Il 1 febbraio in Corte d’Assise si celebrerà la prima udienza del processo in cui Morrone risponderà anche per l’omicidio della nigeriana. Incastrato dalle prove alla fine ha dovuto confessare, non sapeva che un supertestimone, Olga, amica della prostituta uccisa, aveva visto tutto e raccontato. Quando Morrone puntò la pistola alla nuca di Beauty che cercava disperata di fuggire, Olga era lì, a pochi metri, appartata con un altro cliente, nascosta alla vista. Per quell’omicidio brutale venne arrestato Kolaj Mirash, albanese 30 anni, scagionato in secondo grado due anni dopo. Poi di quell’omicidio non se ne parlò più, caso archiviato senza che nessuno avesse più interesse a cercare il colpevole di un regolamento di conti complicato fra bande rivali in cui aveva trovato la morte una prostituta a caso.

Perché così poi racconterà Morrone: "Ne punimmo una a caso per istruire le altre e mandare un messaggio. Loro lì, le nigeriane non ci dovevano stare". Così quella notte la morte di Beauty era un avvertimento: quel tratto di Statale doveva tornare ad essere gestito dagli albanesi e da Morrone. Quest’ultimo fu ideatore ed esecutore dell’assassinio. Nascosto nel baule di un’auto, una Ford Mondeo, guidata da un complice, rubata il giorno prima a Gessate e poi bruciata, uscì al momento giusto, si avvicinò a Beauty, lei provò a scappare, ma uno dei due proiettili sparati con una pistola calibro 7.65 la raggiunse alla testa. Dopo l’omicidio, Morrone e il complice bruciarono l’auto, i carabinieri la ritrovarono in via Leopardi a Pessano con Bornago.

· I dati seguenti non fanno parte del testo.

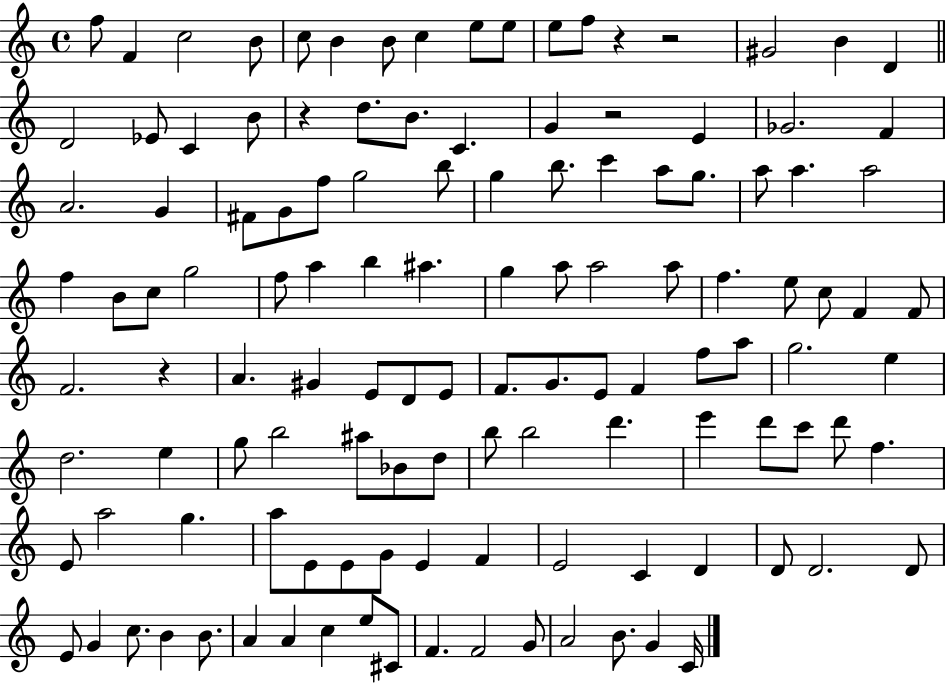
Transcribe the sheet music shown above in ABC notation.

X:1
T:Untitled
M:4/4
L:1/4
K:C
f/2 F c2 B/2 c/2 B B/2 c e/2 e/2 e/2 f/2 z z2 ^G2 B D D2 _E/2 C B/2 z d/2 B/2 C G z2 E _G2 F A2 G ^F/2 G/2 f/2 g2 b/2 g b/2 c' a/2 g/2 a/2 a a2 f B/2 c/2 g2 f/2 a b ^a g a/2 a2 a/2 f e/2 c/2 F F/2 F2 z A ^G E/2 D/2 E/2 F/2 G/2 E/2 F f/2 a/2 g2 e d2 e g/2 b2 ^a/2 _B/2 d/2 b/2 b2 d' e' d'/2 c'/2 d'/2 f E/2 a2 g a/2 E/2 E/2 G/2 E F E2 C D D/2 D2 D/2 E/2 G c/2 B B/2 A A c e/2 ^C/2 F F2 G/2 A2 B/2 G C/4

Morrone raggiunse poi la metropolitana, salì alla fermata di Gorgonzola e scese a Vimodrone. "Vicino - ha raccontato agli investigatori nell’interrogatorio avvenuto nel carcere di Opera - c’è un corso d’acqua che si chiama Martesana, in quella località, accanto alla pista ciclabile, decisi di sbarazzarmi della pistola che avevo usato per uccidere". Una pistola , marca Crvena Zastava, corrosa e arrugginita, con matricola illeggibile, priva di caricatore, proveniente dall’ex Jugoslavia e illegalmente introdotta in Italia, verrà infatti, ritrovata nei mesi successivi all’omicidio, incastrata in un groviglio di rami e restituita dal corso d’acqua. Un’arma all’apparenza non collegabile a nulla, un ultimo tassello rimasto lì, negli archivi degli investigatori, per 23 anni, in cerca di un colpo di fortuna che ne spiegasse la storia.